Consumer spending represents an additional variable. Hamilton Beach’s products are largely discretionary purchases, meaning that a deterioration in consumer confidence or real household income could dampen demand, particularly at the value-oriented price points where HBB competes most actively. A sustained period of consumer caution would likely pressure revenue and, over time, earnings visibility.

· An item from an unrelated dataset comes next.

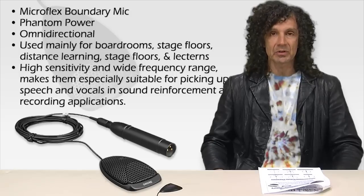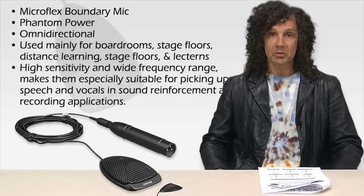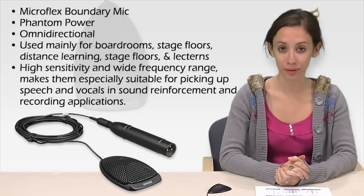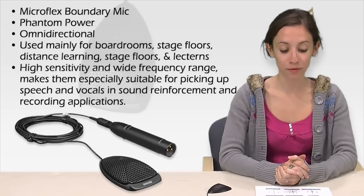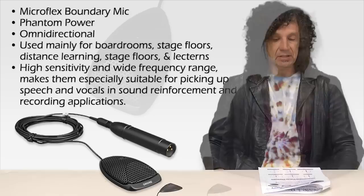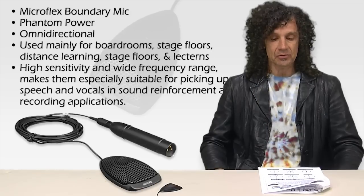I'm using a Shure MX3910 Omnidirectional PZM. It is a Microflex boundary mic that is completely phantom powered. The microphone is omnidirectional and is used mainly for boardrooms, stage floors, distance learning, and lecterns.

Finally, the absence of formal analyst coverage limits the flow of public information and price target guidance that many investors rely on to calibrate expectations. While this is not a fundamental business risk, it does mean that the investment thesis requires more independent due diligence and that the stock may be slower to re-rate even as fundamentals improve.
Final Thoughts
Hamilton Beach Brands enters 2026 in a meaningfully better position than it occupied a year ago. The stock has recovered sharply from its 2025 lows, the dividend has grown to $0.48 annually, and the payout ratio of just over 20% leaves substantial room for continued increases. The company’s return on equity of 20.32% and profit margin of 5.25% reflect a business that is generating real returns for shareholders despite operating in a difficult cost environment.
The risks are real and deserve acknowledgment. Cash flow has tightened, tariff headwinds persist, and competition in the small appliance category is unrelenting. But Hamilton Beach has navigated these pressures without cutting its dividend, without taking on excessive debt, and without abandoning the operational discipline that has characterized the business under Scott Tidey’s leadership. That track record matters.
For dividend growth investors with a multi-year time horizon, HBB offers a compelling combination of yield, safety, and modest but consistent income growth at a valuation that does not require heroic assumptions about the future. The next several quarters will be important in demonstrating whether the sourcing diversification effort and the health segment’s OptumHealth partnership can translate into improved cash generation and earnings growth. If they do, the current price may look like an attractive entry point in retrospect.